Gerakan Madinah: Aceh Pelopor Islam di Nusantara

Berbicara Nusantara adalah berbicara awal kisah Islam berkembang di Asia Tenggara. Wilayahnya sangatlah luas dan masyarakatnya sangat majemuk. Nusantara tidak tepat dilihat dari satu aspek saja. Keberadaannya mesti ditinjau dari beberapa sisi yang mengitarinya. Melihat Nusantara hanya dari satu sisi saja akan menimbulkan polemik, sebab kemajemukan harus dilihat dari pikiran terbuka.

Pertama, Nusantara harus dilihat dari sisi letak geografis. Dari sisi ini, Nusantara adalah wilayah yang terbentang dari Sabang sampai Merauke, jumlah pulaunya mencapai 17. 000 pulau. Dan tidak hanya itu, wilayahnya juga mencakup negara-negara di Asia Tenggara.

Islam datang melalui jalur laut. Saudara-saudagar dari Arab, Persia, dan India terlebih dahulu singgah di wilayah-wilayah pantai melalui pelabuhan di sepanjang pulau Sumatra.

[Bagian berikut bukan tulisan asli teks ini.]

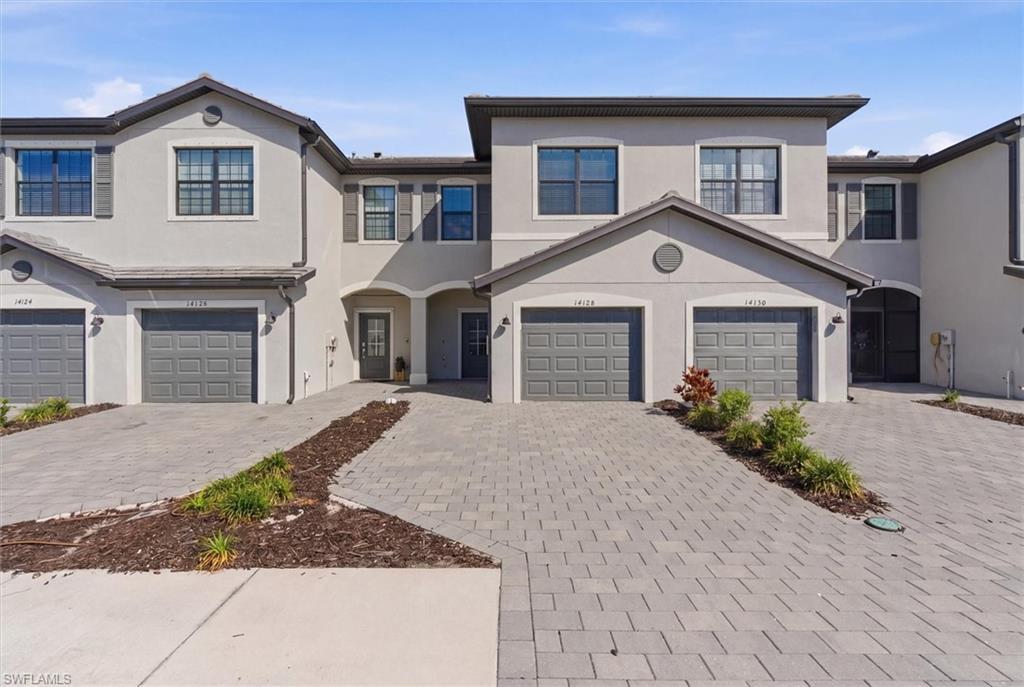 MLS #2026032156 image #0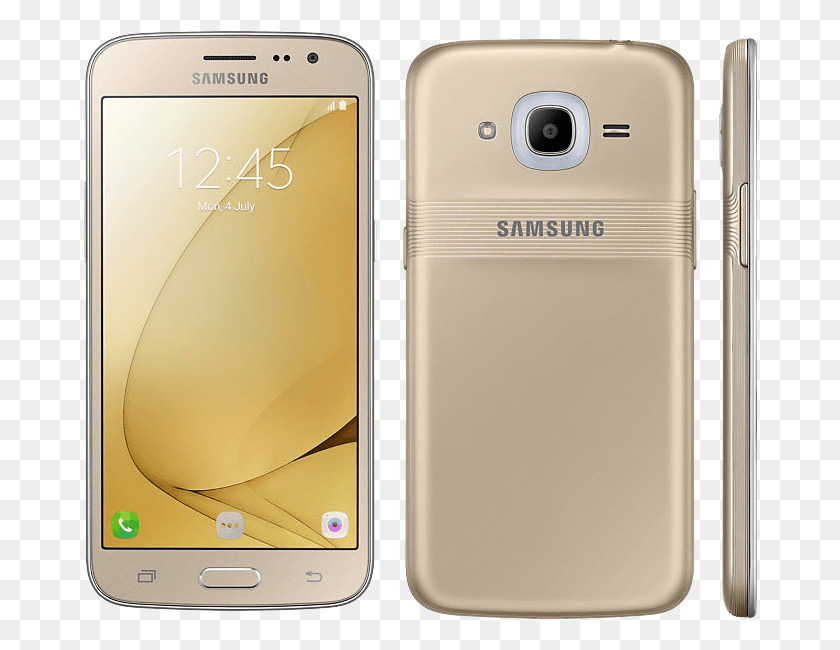 675x590 Samsung Galaxy J2 Leaked In Images Launch Imminent Samsung Galaxy J2 Dtv 2016, Mobile Phone, Phone, Electronics HD PNG Download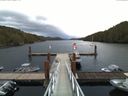 ./images/calvert/dock/20160416/dock20160416_065002.jpg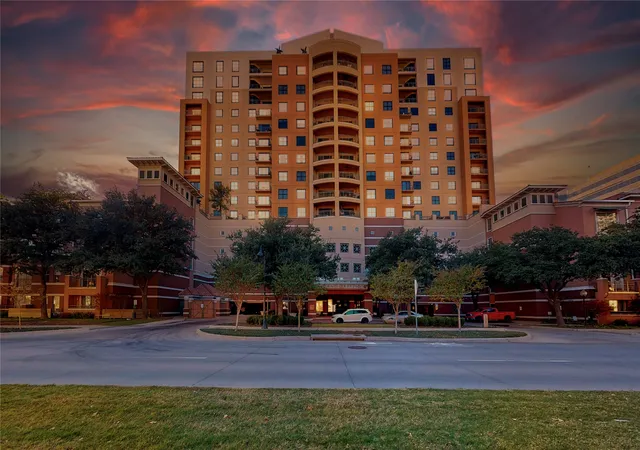 1st image of 330 Las Colinas Blvd E #920, Irving, TX 75039 | MLS# 21299680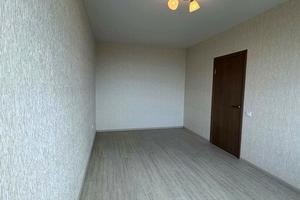 квартира по адресу Европейская ул., 285а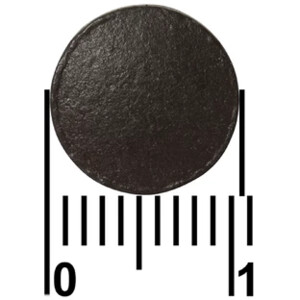 2x Davitamon B Complex Forte - 20.49 euro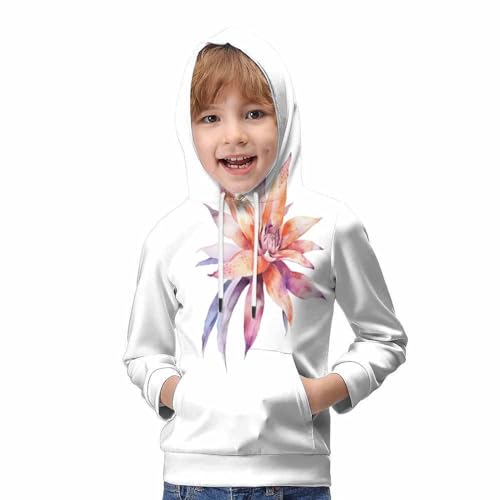 Collection polyvalente sweats et couvertures à capuche ultra doux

Hampir seluruh perairan Aceh mejadi jalur perdagangan, dan wilayah sekitarnya menjadi zona awal peradaban di bangun. Merujuk pada fakta sejarah pulau Sumatra adalah wilayah yang terlebih dahulu terjadi kontak dengan peradaban Islam global dari berbagai negara-negara yang telah terlebih dahulu mengenal Islam.

Kedua, Nusantara mesti dilihat dari sisi sosiologis masyarakatnya. Masyarakat Nusantara adalah masyarakat yang telah membangun interaksi kepada sesamanya. Interaksi ini telah membawa kontak pada hubungan antara kelompok manusia yang mendiami seluruh wilayah di Nusantara.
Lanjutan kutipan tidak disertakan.